Los pasados días 18, 19 y 20 de marzo, el Instituto Universitario de Integración en la Comunidad (INICO) de la Universidad de Salamanca, celebró en esta ciudad las VII Jornadas Científicas de Investigación sobre Personas con Discapacidad. Estas jornadas, que se celebran cada tres años y en las que se dan cita los mejores especialistas internacionales en la materia, tienen como objetivos fundamentales proporcionar un foro de encuentro y discusión de carácter pluridisciplinar y abierto a los profesionales que trabajan e investigan en el campo de la inclusión educativa, laboral y comunitaria; fomentar el desarrollo y difusión de investigación rigurosa y de calidad sobre la discapacidad, difundir experiencias innovadoras; y facilitar el intercambio y la comunicación entre los profesionales de la atención directa, así como proponer líneas de investigación futura, que permitan acercar el mundo científico y el profesional, con vistas a la innovación y transformación de las prácticas habituales.
De izquierda a derecha, Alfredo Fierro
(catedrático de Psicología en la Universidad de Málaga),
Miguel Ángel Verdugo (director del INICO)
y Paulino Azúa (director de FEAPS)
Javier Tamarit y Juan José Lacasta,
en un momento de su ponencia
La presencia de FEAPS en esta cita corrió a cargo de Javier Tamarit, Responsable de Calidad de FEAPS y de Juan José Lacasta, Director Técnico de esta organización.

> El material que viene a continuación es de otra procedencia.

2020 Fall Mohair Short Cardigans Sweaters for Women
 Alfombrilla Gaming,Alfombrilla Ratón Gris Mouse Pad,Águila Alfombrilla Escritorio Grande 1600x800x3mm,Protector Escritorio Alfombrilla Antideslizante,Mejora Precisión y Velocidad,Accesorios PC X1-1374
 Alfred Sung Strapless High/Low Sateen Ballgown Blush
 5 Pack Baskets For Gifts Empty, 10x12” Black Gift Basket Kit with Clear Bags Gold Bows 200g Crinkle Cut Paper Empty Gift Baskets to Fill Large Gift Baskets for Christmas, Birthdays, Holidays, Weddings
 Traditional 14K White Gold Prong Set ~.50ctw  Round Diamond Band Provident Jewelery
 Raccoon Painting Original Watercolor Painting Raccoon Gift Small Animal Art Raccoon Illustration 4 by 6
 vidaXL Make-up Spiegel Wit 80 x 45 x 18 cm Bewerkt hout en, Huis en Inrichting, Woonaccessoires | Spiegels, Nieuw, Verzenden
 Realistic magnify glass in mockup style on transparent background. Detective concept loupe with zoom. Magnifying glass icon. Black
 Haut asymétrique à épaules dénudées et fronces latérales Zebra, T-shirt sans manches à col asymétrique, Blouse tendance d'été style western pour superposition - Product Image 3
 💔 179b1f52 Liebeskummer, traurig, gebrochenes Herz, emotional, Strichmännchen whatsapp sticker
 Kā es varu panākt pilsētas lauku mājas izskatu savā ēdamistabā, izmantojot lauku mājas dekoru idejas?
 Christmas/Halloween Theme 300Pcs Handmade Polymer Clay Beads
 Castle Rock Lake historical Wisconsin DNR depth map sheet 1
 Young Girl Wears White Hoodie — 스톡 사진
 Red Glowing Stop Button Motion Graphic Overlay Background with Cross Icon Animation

Tamarit habló de cómo la psicología positiva nos introduce a una redefinición de la felicidad, en donde prima la “eudaimonia” frente al “hedonismo”. Éste es un proceso constante en construcción de la vida plena y se centra en lo que realmente merece la pena a los seres humanos. Así, se plantea una fórmula de felicidad en la que la suma de ciudadanía plena y autonomía plena, da como resultado la felicidad de máximos (entendiendo la ciudadanía plena, a su vez, como una suma de autodeterminación, inclusión y derechos). El concepto de “autonomía plena” implica, poder, afecto y respecto. De este modo puede llegarse a esa “felicidad de máximos”, en el sentido de la “eudaimonia”, de lo que habló al comienzo. Este nuevo enfoque nos mueve hacia nuevos roles para psicólogos y profesionales, “es el cambio de la bata a la no bata, de los despachos a entornos naturales”.
Por su parte, el Director Técnico de FEAPS, Juan José Lacasta, centró su intervención en el asociacionismo y del debate profundo en los movimientos asociativos de la tendencia hacia la gestión empresarial, sólo centrada en términos de eficacia. Esta corriente está generando un debate de si hay que activar o no el asociacionismo para que se produzca más calidad de vida. Esta paradoja significa, potenciar la participación, limitarla o eliminarla. Según Lacasta, las asociaciones que se limitan a gestionar centros y servicios sin dinamización asociativa, tienen más riesgo de no defender los derechos de las personas con discapacidad intelectual. Todas las organizaciones del movimiento asociativo deberían orientarse a la persona, son organizaciones donde el aprendizaje cognitivo genera salud organizativa. Ética, participación, construcción compartida de valores, cultura, posicionamientos, compromiso con las demandas del entorno… son algunos de los ingredientes de aquellas entidades basadas en la participación. Son organizaciones, señaló Lacasta, en las que hay más empatía, más sabiduría, más oportunidades de funcionar en red, más sinergias, en definitiva “ser propietarios de proyectos, no tener el rol de consumidores”. Cuanta más participación, más sentido de pertenencia y mejores resultados en la vida de las personas.
En estas jornadas, el INICO hizo un homenaje a Alfredo Fierro y a Paulino Azúa, Director de FEAPS, concediendo a ambos los 2os Premios INICO a la trayectoria profesional, por su dilatada carrera a favor de las personas con discapacidad intelectual y sus familias.